> **What the exercise asks**: Nothing but the lines below from the one that contains "Vídeo del militar" through the one that contains "2025 Genesis G70 2.5T RWD" should be retyped, exactly and including both ends. Do not include pictures.

> **Supplied material**:

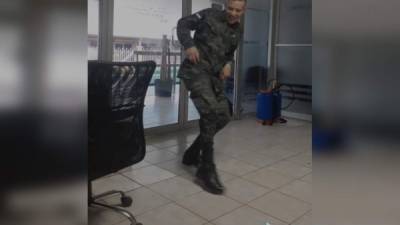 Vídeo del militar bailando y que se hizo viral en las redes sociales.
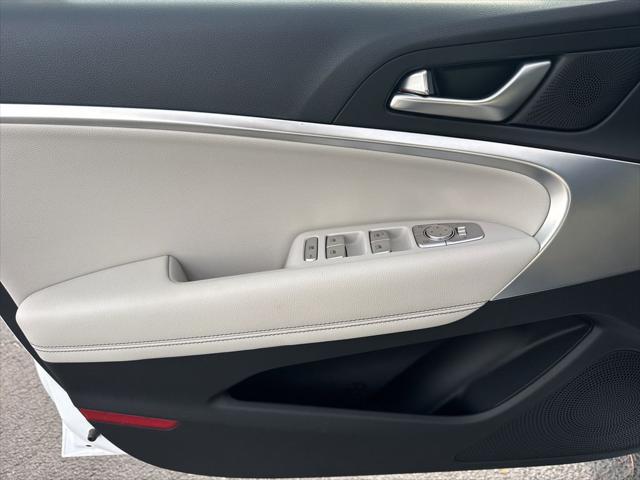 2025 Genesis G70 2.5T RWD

--

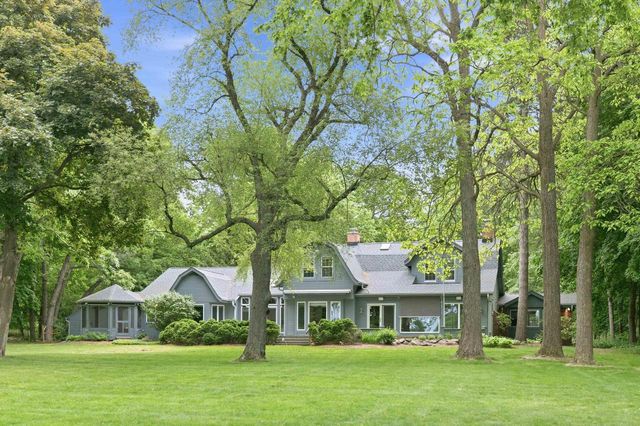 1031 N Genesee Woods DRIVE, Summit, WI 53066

--

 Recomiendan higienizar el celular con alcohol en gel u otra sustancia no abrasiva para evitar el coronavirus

> **Response**:
 Vídeo del militar bailando y que se hizo viral en las redes sociales.
 2025 Genesis G70 2.5T RWD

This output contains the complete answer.